■ Provided entries
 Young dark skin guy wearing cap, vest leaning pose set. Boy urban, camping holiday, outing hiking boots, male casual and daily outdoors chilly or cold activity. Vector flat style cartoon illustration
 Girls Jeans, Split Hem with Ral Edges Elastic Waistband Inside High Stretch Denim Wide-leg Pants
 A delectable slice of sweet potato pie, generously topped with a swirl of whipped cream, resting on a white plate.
...
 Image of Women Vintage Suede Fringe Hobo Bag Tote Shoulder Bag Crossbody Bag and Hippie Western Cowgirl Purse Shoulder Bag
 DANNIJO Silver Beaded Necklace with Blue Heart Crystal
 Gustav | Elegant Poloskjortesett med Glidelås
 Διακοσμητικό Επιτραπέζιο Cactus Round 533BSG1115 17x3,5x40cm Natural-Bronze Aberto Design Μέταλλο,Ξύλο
* * *
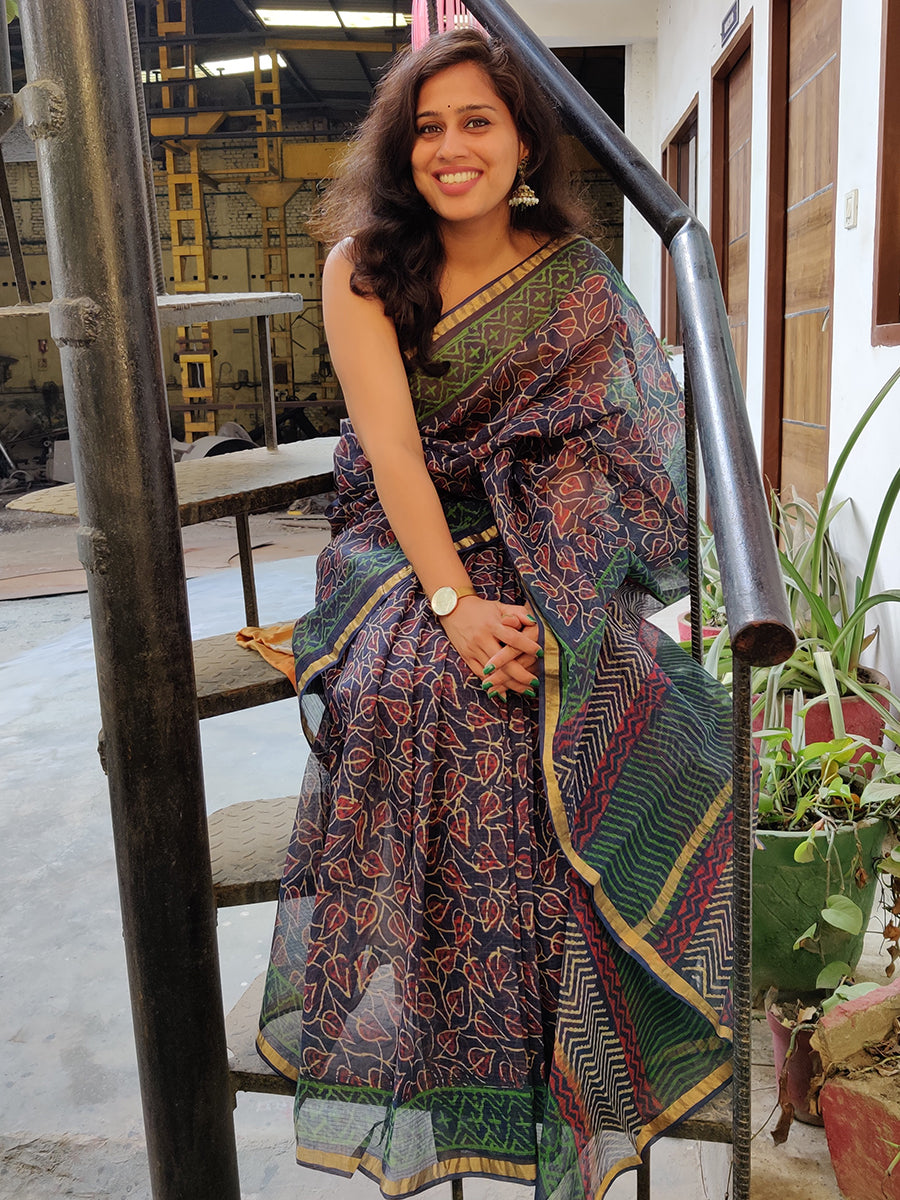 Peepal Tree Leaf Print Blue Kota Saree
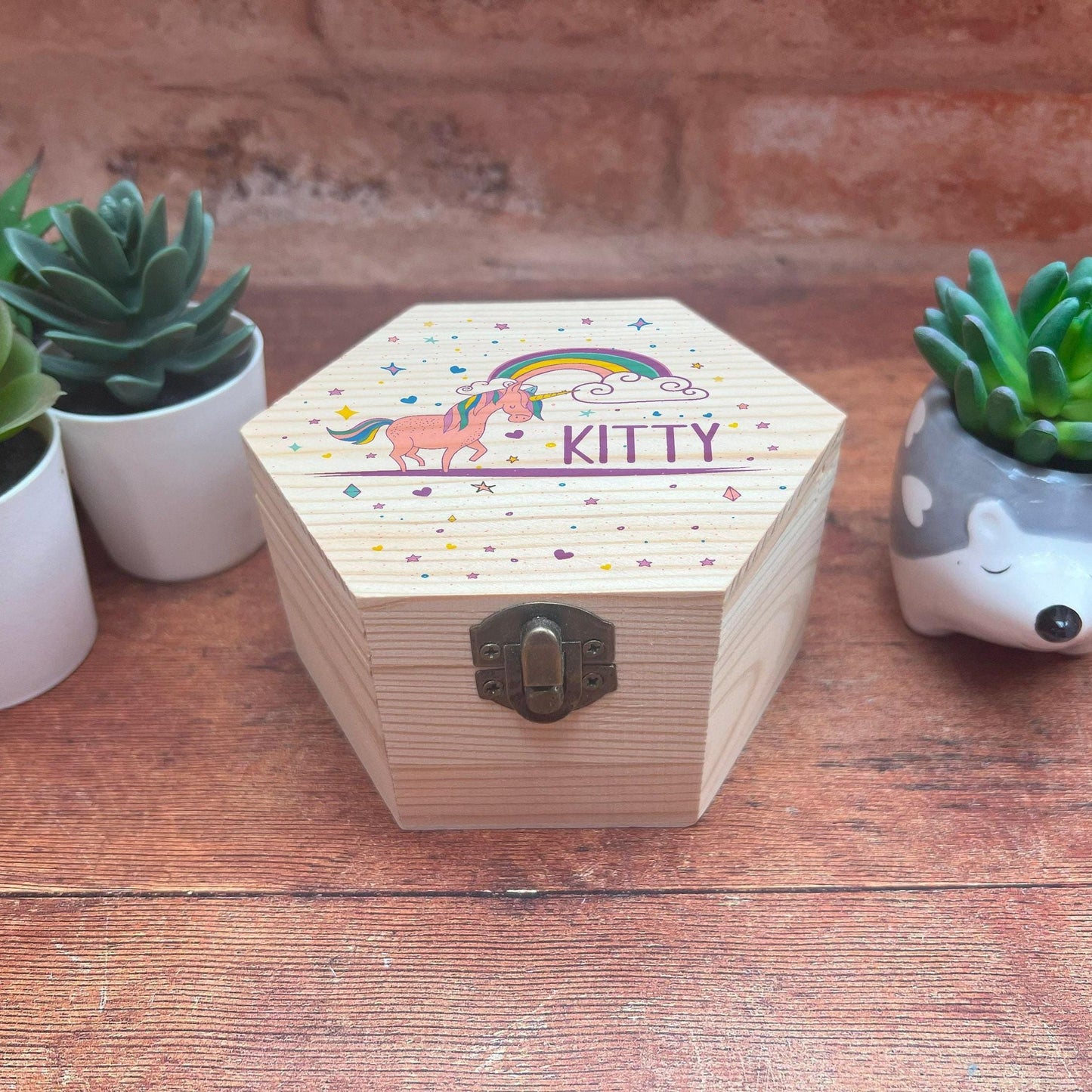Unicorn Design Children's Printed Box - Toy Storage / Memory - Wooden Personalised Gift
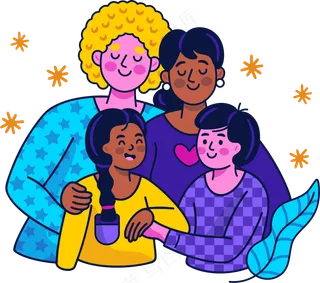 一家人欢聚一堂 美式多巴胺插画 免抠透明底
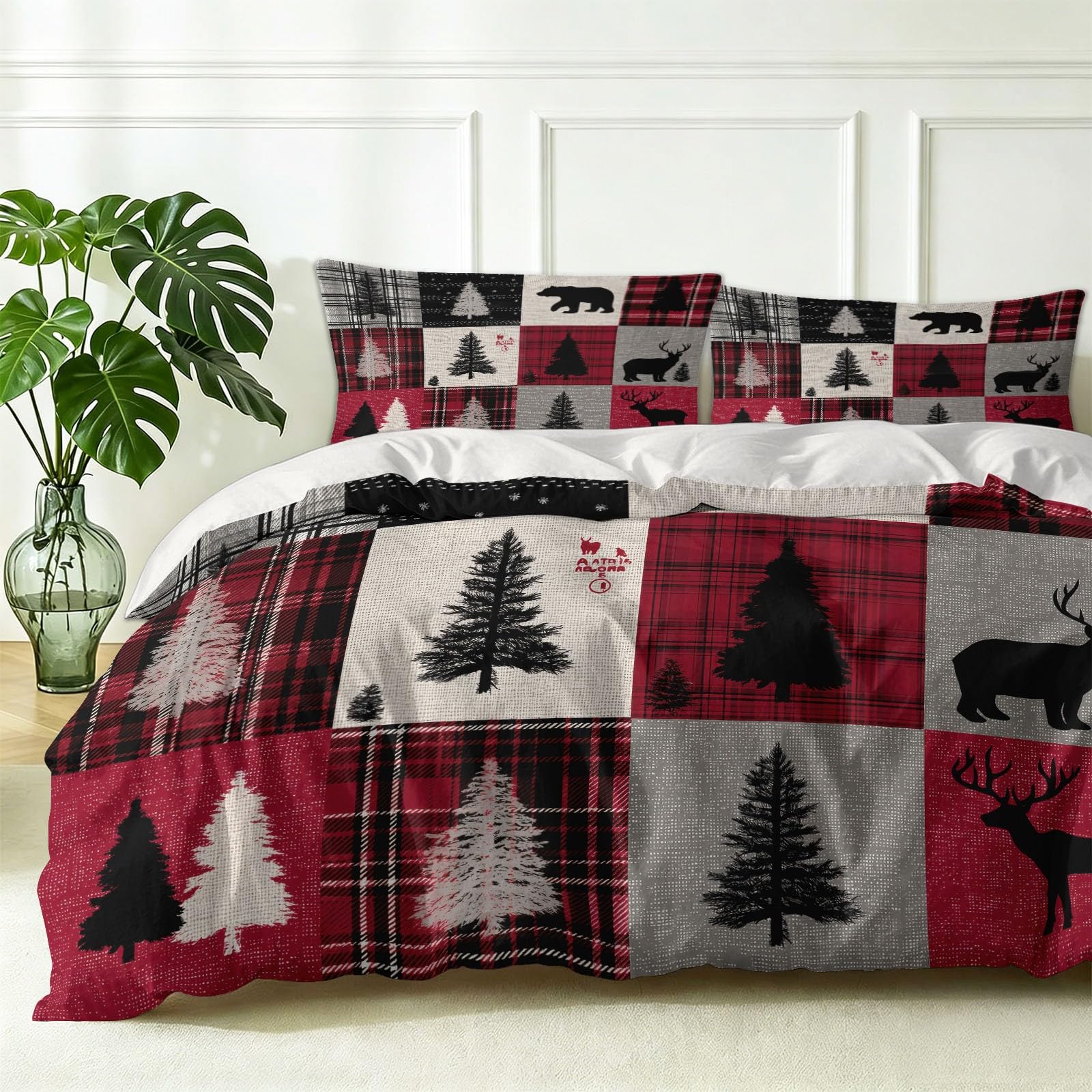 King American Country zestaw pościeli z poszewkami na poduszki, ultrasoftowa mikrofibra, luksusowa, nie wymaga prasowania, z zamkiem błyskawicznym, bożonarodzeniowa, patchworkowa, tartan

■ Brief
From the records above, extract exactly and only the lines that begin at the line with "Gustav | Elegant" and stop after the line with "Διακοσμητικό Επιτραπέζιο Cactus".

■ Answer section
 Gustav | Elegant Poloskjortesett med Glidelås
 Διακοσμητικό Επιτραπέζιο Cactus Round 533BSG1115 17x3,5x40cm Natural-Bronze Aberto Design Μέταλλο,Ξύλο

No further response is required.